Nous devons le rencontrer10. Il ne s’agit pas d’une démarche intellectuelle ni d’un avis personnel, mais d’une expérience. Et le Seigneur n’est peut-être pas là où nous voudrions le trouver. Normalement, il nous conduit plutôt là où nous ne voudrions pas aller. Il a passé sa vie à être autre chose et à être ailleurs, à ne pas être celui que ses contemporains voulaient qu’il soit […] Nous avons avantage à utiliser la boussole qui nous est donnée dans l’Évangile […] Elle nous oriente toujours vers un au-delà, vers un hors la ville, vers des chemins creux où personne n’a envie d’aller […] Somme-nous vraiment allés jusqu’au bout, jusqu’au plus exclu, mettant ainsi toutes les chances d’avoir le Christ avec nous11 ?
Au terme de l’approfondissement de sa rencontre avec le Christ12, à la fin de sa vie, Joseph Wresinski livrera qui sont pour lui le Christ et l’Église. Non sous forme d’un traité mais au hasard d’interviews, de méditations, d’homélies, de conférences, de messages et d’articles, dans des livres, enfin, qui laisseront entrevoir aussi les étapes de cette rencontre. En le faisant, il a veillé à s’assurer de l’exactitude historique, exégétique et théologique de ce qu’il avançait, distinguant toujours ce qui était accepté par l’ensemble des experts de ce qu’il proposait comme hypothèse.
Dans les pages qui vont suivre, nous voudrions découvrir ce Christ qui vivait au cœur du Père Wresinski et qui transparaît à toutes les pages de ses écrits.
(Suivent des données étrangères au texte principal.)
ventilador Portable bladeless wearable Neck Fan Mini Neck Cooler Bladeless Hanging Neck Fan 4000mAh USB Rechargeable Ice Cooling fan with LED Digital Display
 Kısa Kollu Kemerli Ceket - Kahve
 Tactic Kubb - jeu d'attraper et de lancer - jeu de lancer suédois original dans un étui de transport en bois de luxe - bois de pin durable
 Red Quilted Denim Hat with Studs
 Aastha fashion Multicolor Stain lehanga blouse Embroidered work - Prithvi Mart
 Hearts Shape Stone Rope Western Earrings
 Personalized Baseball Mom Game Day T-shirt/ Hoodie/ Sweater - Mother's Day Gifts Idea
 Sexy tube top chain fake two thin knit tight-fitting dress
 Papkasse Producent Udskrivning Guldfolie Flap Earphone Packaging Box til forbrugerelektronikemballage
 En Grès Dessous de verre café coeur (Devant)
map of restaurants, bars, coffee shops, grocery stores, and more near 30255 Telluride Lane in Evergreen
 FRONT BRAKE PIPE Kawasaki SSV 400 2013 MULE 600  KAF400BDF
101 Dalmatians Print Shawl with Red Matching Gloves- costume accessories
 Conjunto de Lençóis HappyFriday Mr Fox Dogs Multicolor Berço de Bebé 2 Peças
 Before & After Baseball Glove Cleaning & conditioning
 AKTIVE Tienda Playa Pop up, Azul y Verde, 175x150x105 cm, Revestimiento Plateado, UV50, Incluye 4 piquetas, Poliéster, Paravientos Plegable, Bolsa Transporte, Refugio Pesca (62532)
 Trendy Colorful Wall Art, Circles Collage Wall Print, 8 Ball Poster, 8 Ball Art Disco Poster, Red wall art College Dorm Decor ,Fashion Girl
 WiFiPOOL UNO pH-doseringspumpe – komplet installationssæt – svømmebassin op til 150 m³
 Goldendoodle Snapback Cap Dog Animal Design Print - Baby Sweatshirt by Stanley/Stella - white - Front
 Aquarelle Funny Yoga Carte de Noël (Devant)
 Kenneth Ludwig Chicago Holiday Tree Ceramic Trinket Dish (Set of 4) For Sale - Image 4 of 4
Ce travail est périlleux. Il risque, en se faisant systématique, de voiler l’infinie richesse de l’expérience du Christ de Joseph Wresinski. Elle s’exprime, en effet, en touches délicates ou en explosions flamboyantes dans la réponse à une question qui lui est posée, un commentaire, une prière… Mais il nous semblait utile de tenter de saisir les lignes et les articulations du tableau qui révèle la plénitude de la passion qui l’animait.